So, did you get the job done in 100 days?

I got the job done exactly in 100 days and I remember saying a prayer when we were going up with those cabs in there.  I said, dear god, please don’t let us drop it because if you do, I’ll be back working.  Everything fit like magic.  If you’ve got a lot of time and you know that some things hinged on it, your whole future is hinged on something, you do it and you do it right.  You’re not depending on 14 guys below you and it worked out beautifully.  I made, on that first job, I made $16,000 dollars out a $100,000 job.  Percentage wise, it’s the biggest profit I’ve ever made on a job since I’ve been in business.  But, as I’ve said, I knew every bolt and every nail and every screw in that whole job.  That was the beginning.
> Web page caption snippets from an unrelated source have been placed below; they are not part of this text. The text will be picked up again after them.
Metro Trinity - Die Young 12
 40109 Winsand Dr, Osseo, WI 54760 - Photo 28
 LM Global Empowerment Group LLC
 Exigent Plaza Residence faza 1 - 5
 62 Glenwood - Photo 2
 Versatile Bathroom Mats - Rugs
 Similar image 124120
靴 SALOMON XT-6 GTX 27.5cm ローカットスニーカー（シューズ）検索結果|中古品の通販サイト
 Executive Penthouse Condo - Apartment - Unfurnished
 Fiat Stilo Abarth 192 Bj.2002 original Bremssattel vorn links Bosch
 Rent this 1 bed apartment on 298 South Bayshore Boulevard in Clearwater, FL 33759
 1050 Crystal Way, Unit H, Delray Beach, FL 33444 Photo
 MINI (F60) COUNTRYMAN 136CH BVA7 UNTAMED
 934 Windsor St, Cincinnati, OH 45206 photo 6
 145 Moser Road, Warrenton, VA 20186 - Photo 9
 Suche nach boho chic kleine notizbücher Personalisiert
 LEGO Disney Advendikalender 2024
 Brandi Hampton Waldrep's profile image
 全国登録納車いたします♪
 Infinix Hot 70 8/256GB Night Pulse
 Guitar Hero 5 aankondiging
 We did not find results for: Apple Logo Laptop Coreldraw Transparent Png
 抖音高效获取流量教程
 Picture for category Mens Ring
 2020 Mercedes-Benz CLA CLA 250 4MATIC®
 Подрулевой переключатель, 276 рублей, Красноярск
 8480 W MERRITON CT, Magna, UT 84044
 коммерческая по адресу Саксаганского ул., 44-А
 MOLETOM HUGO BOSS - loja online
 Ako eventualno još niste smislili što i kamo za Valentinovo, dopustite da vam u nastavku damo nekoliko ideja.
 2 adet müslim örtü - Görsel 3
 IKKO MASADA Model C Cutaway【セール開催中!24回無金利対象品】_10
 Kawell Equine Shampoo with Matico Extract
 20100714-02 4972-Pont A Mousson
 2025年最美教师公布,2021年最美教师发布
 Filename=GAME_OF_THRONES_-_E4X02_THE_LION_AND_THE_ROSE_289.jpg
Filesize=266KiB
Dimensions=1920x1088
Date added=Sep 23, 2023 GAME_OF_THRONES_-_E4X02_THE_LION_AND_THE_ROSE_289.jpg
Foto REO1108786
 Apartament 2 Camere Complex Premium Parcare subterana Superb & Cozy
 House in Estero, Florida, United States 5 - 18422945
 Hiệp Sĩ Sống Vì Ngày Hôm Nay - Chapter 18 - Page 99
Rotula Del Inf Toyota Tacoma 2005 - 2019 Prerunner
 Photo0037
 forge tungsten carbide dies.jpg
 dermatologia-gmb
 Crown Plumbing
When did you actually incorporate and name your company and all of that?

It was a little bit later.   That’s kind of an interesting story too.  I was ready to more or less set up a company  and this was maybe two or three years later and I went to Leo McNamee, who was [one of ] about three or four attorneys in town and he was a good Catholic man that I knew.  I went to him to set this up and by then I had ideas of grandeur and I had Worldwide Construction and High-rise Construction and all these names for my company.  He listened to me and he finally said to me, don’t you like your name.  I said, what do you mean?  He said, what’s wrong with J.  A.   Tiberti Construction Company?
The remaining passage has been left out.